Для характеристики обычаев того времени интересно отметить следующие факты. В барских дачах под Петербургом, обычно деревянных, заколоченных в течение зимы, заводилось множество клопов. Предусмотрительные господа ранней весной отправляли туда часть своей дворни, на которую с жадностью набрасывались насекомые и лишь некоторое время спустя на дачу перебирались «господа». Нечто подобное происходило и в период вспыхивавших в городе заразных эпидемий. Когда в 1831 г. до Петербурга докатилась эпидемия холеры, множество дворян выехало со своей челядью из Петербурга в места более «благополучные». Когда же эпидемия прекратилась, в столицу стали отправлять на испытание дворовых; и только по прошествии двух недель, когда из столицы пришли вести, что все приехавшие «пребывают в здоровьи», «господа» сочли возможным возвратиться в столицу. Подобного рода отношение к слугам наблюдалось издавна. Знаменитый флорентийский историк и дипломат Ф. Гвиччардини записал, что во время вспыхнувшей чумы на его вилле умер один из слуг. Виллу тщательно продезинфецировали. Но когда, через некоторое время, Гвиччардини пожелал сам переехать с семьей в свою виллу, он приказал предварительно поселить в комнате умершего, одну за другой, три смены слуг. И лишь после того, как испытание прошло благополучно, Гвиччардини решился на переезд.
Привольно жилось слугам только при выезде со своим господами за границу. Во избежание побегов, их там хорошо одевали, кормили и платили приличное жалованье, но по возвращении домой они лишались всех этих привилегий. Даже платье, сшитое «за кордоном» отбиралось. Его выдавали лишь по торжественным дням, когда надо было служить гостям.

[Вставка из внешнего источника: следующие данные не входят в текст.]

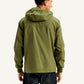 Men's Solid Olive Hooded Tailored Jacket - Back View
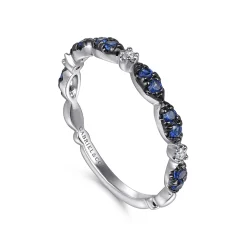 Online Gabriel & Co. 14K White Gold Black Rhodium Diamond and Blue Sapphire Stackable Ladies Ring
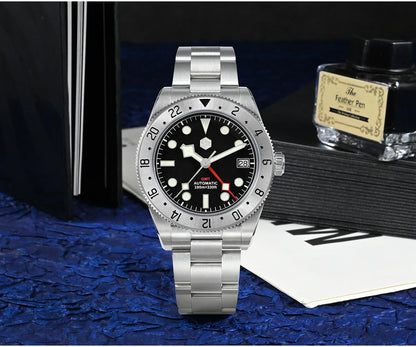 San Martin 39mm NH34 GMT Men's Luxury Watch Bidirectional Aluminum Bezel Automatic Mechanical Sapphire 100M Waterproof SN0109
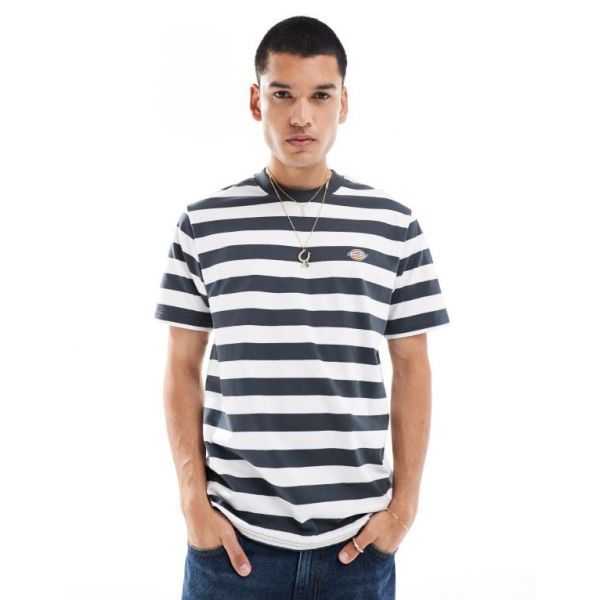 디키즈 딕키스 리버 그로브 다크 그레이와 화이트 스트라이프 티셔츠 ASOS 독점 3407945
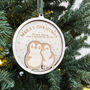 Personalised Couples Penguin Christmas Tree Decoration, thumbnail 2 of 5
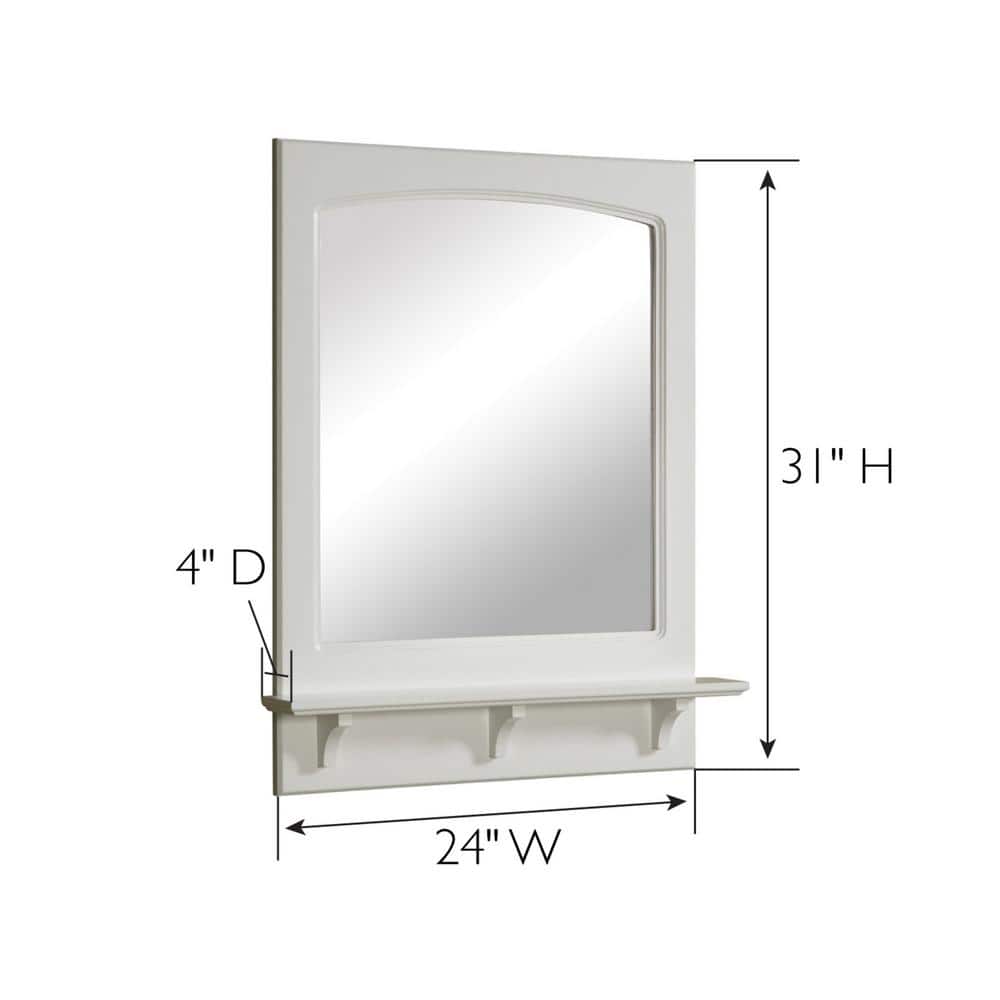 White Pine Wood Rectangular Wall Mirror with Shelf, 31" x 24"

К столу лакеи надевали обычно серые или синие фраки с костяными пуговицами. В знатных домах слуги носили ливрею. В зависимости от достатка хозяев, она бывала «годовою», то есть выдавалась на год, или «двухгодовою». Обычно верхнее платье выдавалось на год, шинель или тулуп — на два года или «до износу». Сапог полагалось две пары на год и «головки». В домах попроще прислуге шились казакины из черного некрашеного сукна и синие суконные шапки с овчинным околышем. Казачки на груди носили красные нашивки. Воротник и обшлага обшивались красным кантом. Но от бессменного ношения одежда быстро снашивалась и дворня всегда ходила оборванной. Женщинам выдавали обувь, белье, «пестрядь» на платье и «затрапезу» (грубая пеньковая материя). Кроме того, они получали по полтинному в год «на подметки».
Для размещения прислуги предназначалась особая «людская», «службы» и «приспешная». Но в то время как барские 10–12 комнат занимала семья в три-четыре человека, в двух «людских комнатах» помещалось 20–25 человек прислуги. За недостатком места некоторые вынуждены были спать в конюшне, в погребах и сараях; казачки на ночь располагались в передних, лакеи в коридорах. А.С.Строганов один занимал в своем дворце на Невском пр. весь бельэтаж. Нижний этаж занимала «контора». Много ли оставалось в доме места для 600 строгановских слуг!
В лучшем положении среди слуг оказывались семейные люди. В богатых домах им все же старались отвести какое-либо помещение. Но с одинокими совсем не церемонились; собственных постелей они никогда не имели и вечером со своими тюфячками или ковриками бродили по всему дому, разыскивая незанятый уголок, где можно было бы пристроиться на ночь.